#### [WHAT THE TASK ASKS]
Without including any picture, repeat the records below exactly.

Short text fragments from websites
___

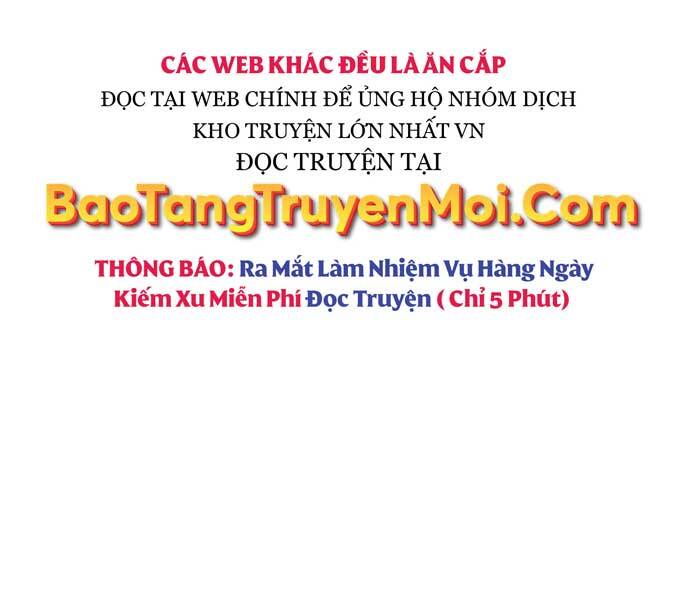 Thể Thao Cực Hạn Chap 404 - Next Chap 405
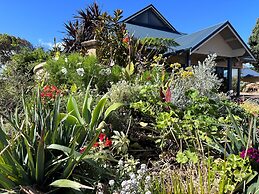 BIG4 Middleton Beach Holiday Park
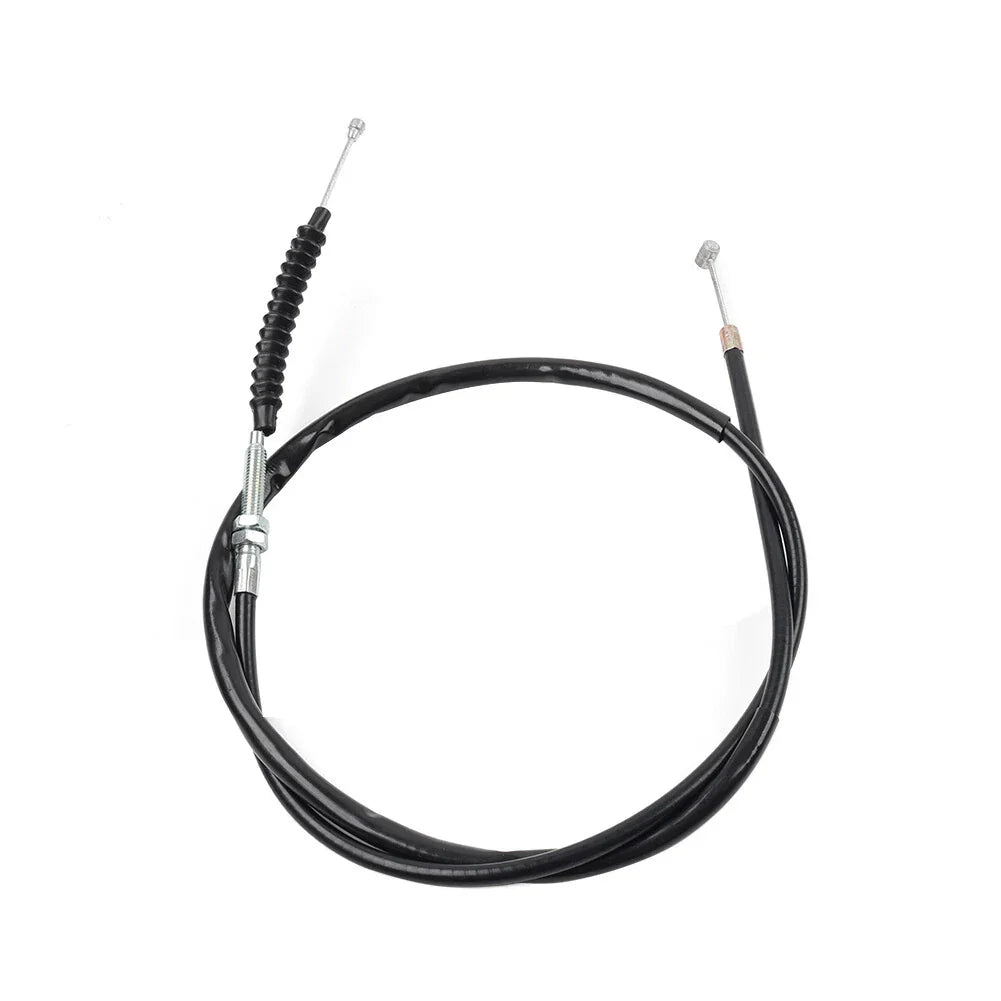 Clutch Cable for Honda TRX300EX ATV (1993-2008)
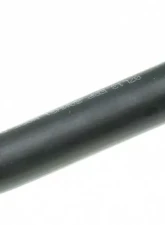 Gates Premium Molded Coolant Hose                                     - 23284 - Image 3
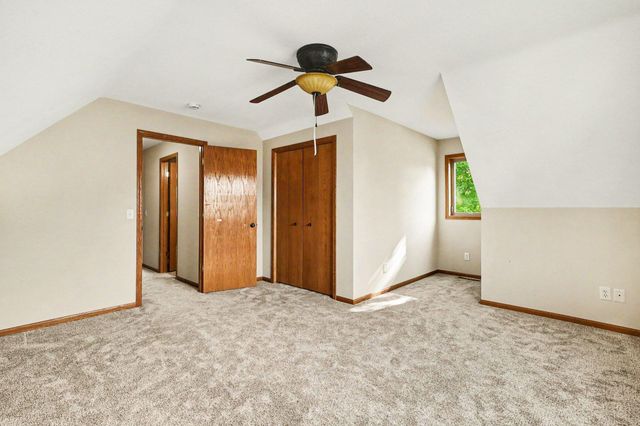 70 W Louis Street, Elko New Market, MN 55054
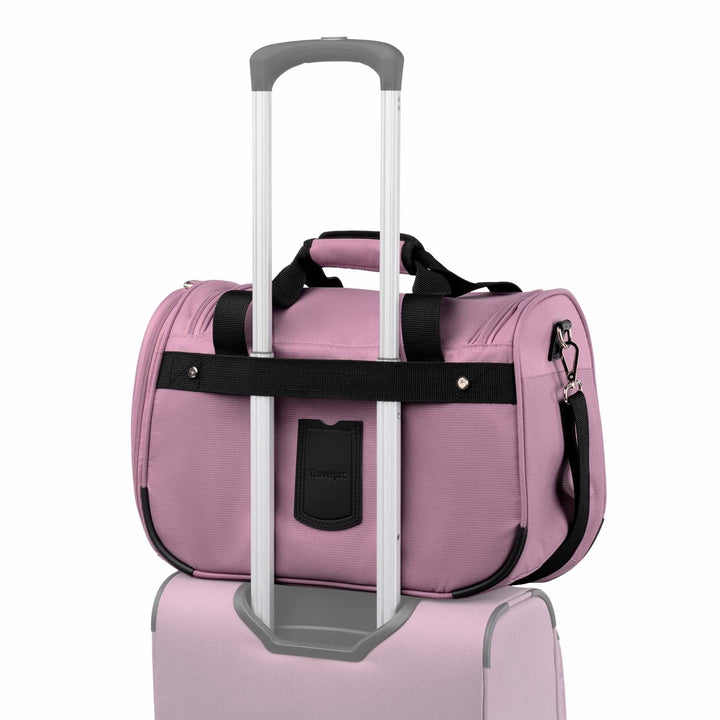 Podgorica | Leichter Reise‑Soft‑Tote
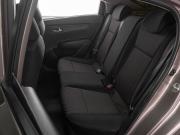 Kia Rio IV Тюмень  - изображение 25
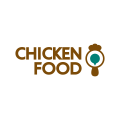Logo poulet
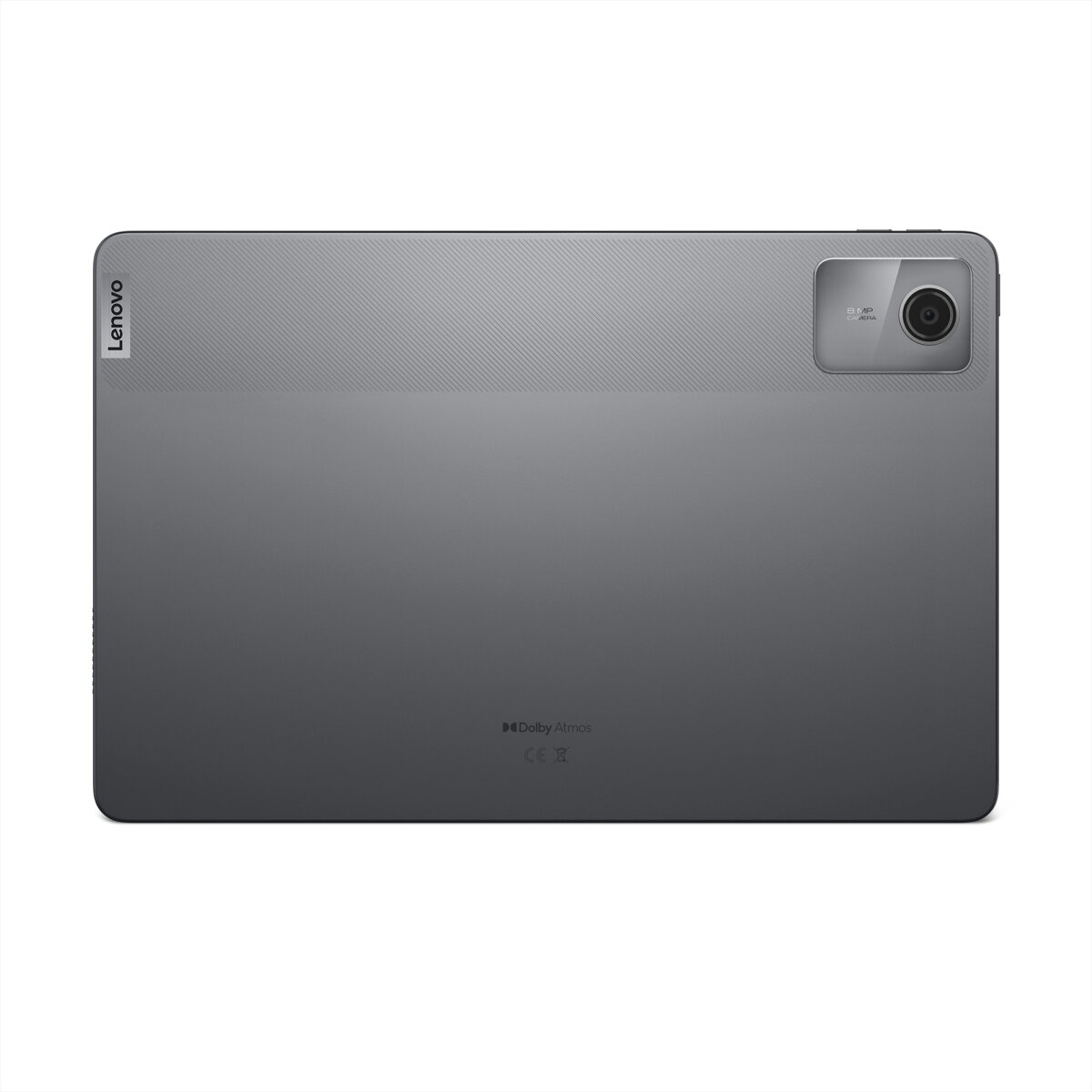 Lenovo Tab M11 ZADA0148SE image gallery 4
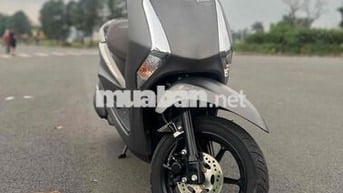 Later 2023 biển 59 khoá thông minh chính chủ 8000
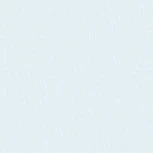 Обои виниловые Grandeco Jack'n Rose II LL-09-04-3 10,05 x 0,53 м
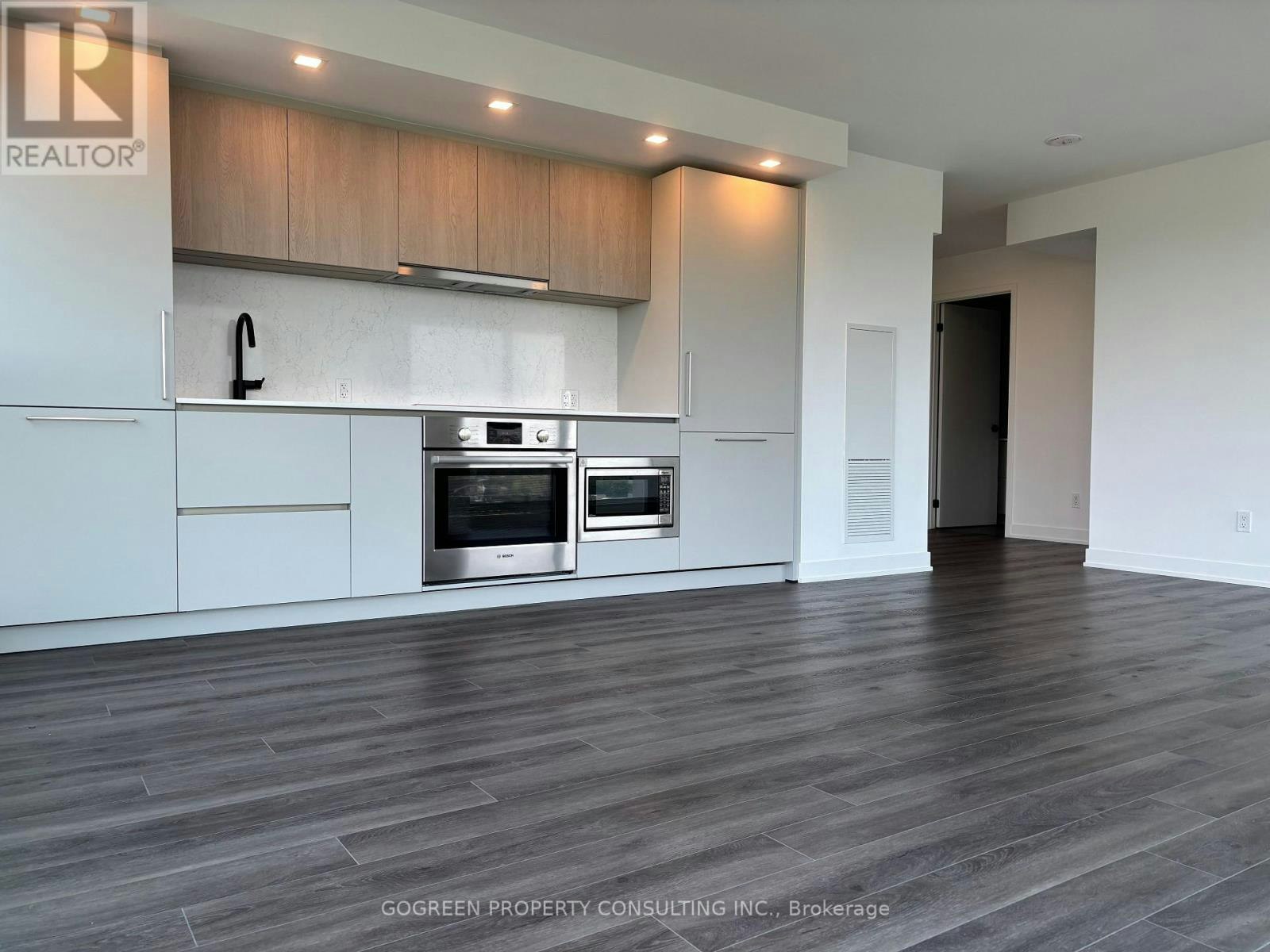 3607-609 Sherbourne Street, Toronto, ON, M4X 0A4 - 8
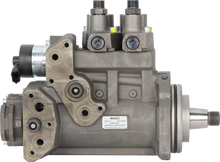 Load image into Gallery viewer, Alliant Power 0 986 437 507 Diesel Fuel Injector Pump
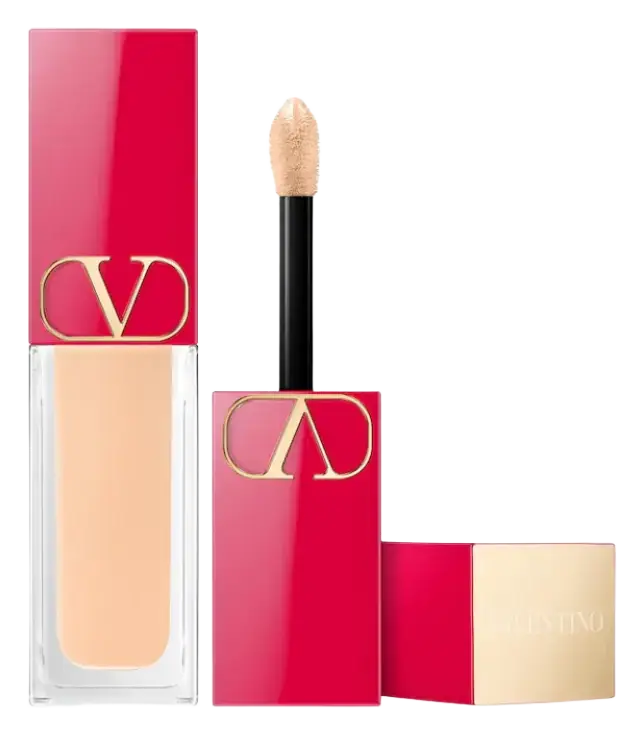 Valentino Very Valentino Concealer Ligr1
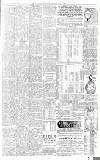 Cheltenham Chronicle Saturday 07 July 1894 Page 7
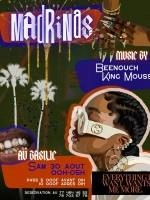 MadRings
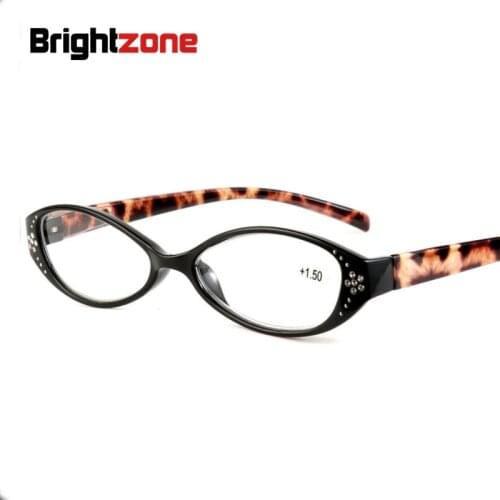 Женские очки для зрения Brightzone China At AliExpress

___

#### [RESPONSE BOX]
 Thể Thao Cực Hạn Chap 404 - Next Chap 405
 BIG4 Middleton Beach Holiday Park
 Clutch Cable for Honda TRX300EX ATV (1993-2008)
 Gates Premium Molded Coolant Hose                                     - 23284 - Image 3
 70 W Louis Street, Elko New Market, MN 55054
 Podgorica | Leichter Reise‑Soft‑Tote
 Kia Rio IV Тюмень  - изображение 25
Logo poulet
 Lenovo Tab M11 ZADA0148SE image gallery 4
 Later 2023 biển 59 khoá thông minh chính chủ 8000
 Обои виниловые Grandeco Jack'n Rose II LL-09-04-3 10,05 x 0,53 м
 3607-609 Sherbourne Street, Toronto, ON, M4X 0A4 - 8
 Load image into Gallery viewer, Alliant Power 0 986 437 507 Diesel Fuel Injector Pump
 Valentino Very Valentino Concealer Ligr1
 Cheltenham Chronicle Saturday 07 July 1894 Page 7
 MadRings
 Женские очки для зрения Brightzone China At AliExpress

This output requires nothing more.